We have an interesting phenomenon where the audience has grown up with these characters. And in some ways, like with the Harry Potter films, the tone could go a little darker and take on much more mature themes. We just had to be mindful that we weren’t leaving the younger audience behind. 

It was always important to me that we never have gratuitous violence, but I wanted this world to feel like it had consequence and peril. If you fell from a great height off the back of a dragon, you wouldn’t bounce and be fine. If you got in the way of dragon fire, you would burn – and consequently, Hiccup loses his leg, a parent dies… So it’s a world that hopefully has a balance of humour and intensity.

One of the film’s standout scenes is the courtship between Toothless and the Light Fury.
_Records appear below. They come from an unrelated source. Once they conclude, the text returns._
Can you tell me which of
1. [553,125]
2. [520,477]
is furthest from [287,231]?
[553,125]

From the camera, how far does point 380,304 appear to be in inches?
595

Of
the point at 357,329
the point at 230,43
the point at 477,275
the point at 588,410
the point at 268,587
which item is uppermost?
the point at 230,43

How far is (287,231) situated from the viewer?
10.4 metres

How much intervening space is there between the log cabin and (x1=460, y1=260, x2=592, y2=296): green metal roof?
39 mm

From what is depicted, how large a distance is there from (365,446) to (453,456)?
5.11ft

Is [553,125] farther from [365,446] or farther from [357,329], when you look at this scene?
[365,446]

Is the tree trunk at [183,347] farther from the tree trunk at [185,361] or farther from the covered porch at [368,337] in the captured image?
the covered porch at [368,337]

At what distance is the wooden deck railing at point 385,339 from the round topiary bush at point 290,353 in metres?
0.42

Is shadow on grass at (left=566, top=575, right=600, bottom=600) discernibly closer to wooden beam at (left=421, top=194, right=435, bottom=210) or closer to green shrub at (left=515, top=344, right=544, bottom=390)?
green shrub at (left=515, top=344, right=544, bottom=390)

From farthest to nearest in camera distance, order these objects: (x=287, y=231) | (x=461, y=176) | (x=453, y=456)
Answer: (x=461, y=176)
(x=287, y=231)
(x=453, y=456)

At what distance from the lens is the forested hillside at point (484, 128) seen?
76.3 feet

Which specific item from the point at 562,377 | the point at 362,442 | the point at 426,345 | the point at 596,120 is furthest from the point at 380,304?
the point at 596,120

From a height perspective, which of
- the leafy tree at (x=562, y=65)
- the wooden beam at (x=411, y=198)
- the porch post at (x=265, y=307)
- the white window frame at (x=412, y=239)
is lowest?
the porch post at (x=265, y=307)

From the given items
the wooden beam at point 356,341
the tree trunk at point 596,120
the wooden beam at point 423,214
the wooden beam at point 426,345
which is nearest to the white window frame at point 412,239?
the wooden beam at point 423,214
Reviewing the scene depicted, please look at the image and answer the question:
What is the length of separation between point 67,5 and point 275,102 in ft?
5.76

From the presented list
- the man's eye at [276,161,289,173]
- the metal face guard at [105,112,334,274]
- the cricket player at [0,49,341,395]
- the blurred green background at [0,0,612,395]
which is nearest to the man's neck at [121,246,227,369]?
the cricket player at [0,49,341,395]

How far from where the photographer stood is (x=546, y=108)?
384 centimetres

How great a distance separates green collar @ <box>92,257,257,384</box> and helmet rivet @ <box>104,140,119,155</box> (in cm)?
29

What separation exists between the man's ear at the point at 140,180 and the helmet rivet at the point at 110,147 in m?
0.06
What were your references for that sequence?

It’s largely modelled on the idea of Cyrano de Bergerac – the friend whispering from the bushes while the amateur tries to woo his love interest. In this case, because Toothless has spent so much time with humans, he’s compromised. The Light Fury is quite pure – she comes from a world of dragons and she’s had very little human influence. We started looking at a lot of bird mating behaviours because they tend to be the most ridiculous. So we channelled quite a few of those into Toothless’ behaviour.

There have been a few directors who are known for animation moving across into live action recently, like Brad Bird and Travis Knight. Is that something you’d want to do?

It definitely is. I’ve wanted to add live action to the toolbox for a long time. Between Lilo & Stitch [DeBlois co-wrote and directed that film with Sanders] and How to Train Your Dragon, I spent about seven years setting up live-action projects to write and direct. And each one kind of hit the rocks. But it has kind of left this open ambition to try it again. I don’t know if it’s the next project that I’ll do – I haven’t actually made any decisions about what’s next. But I do hope that there’s an opportunity in the future to do something in live action that that appeals to my sensibilities and where I could apply the skills I’ve developed in animation.

There has also been a recent trend of remaking classic animated movies into live-action films – even Lilo & Stitch has been mooted for the remake treatment. What’s your take on that?

I find it off-putting, to be honest. In one sense, I think it’s easy because all of the hard work of finding the story and honing it has been done – so now you get to take a movie that’s been a success and just make it in a different medium. But more than that, I feel that the live-action adaptations negate the animated ones in some way; as if to say that they are better than the original. You know, “let us improve upon your flawed medium.” So as somebody who loves animation, I think it loses the charm. 

Maybe it appeals to a wider audience – and they certainly do well. So I am probably in the minority. But especially for a film like Lilo & Stitch, which was such a singular, quirky vision – we were basically a group of people trying to make Chris Sanders’ idea for a storybook come to life. And it’s so personal; it’s not an age-old fairytale or a known legend. It’s such a specific story. So to remake it, particularly with a new group of people that weren’t part of that original team… Yeah, that seems like an odd one to me.

How To Train Your Dragon: The Hidden World is out now.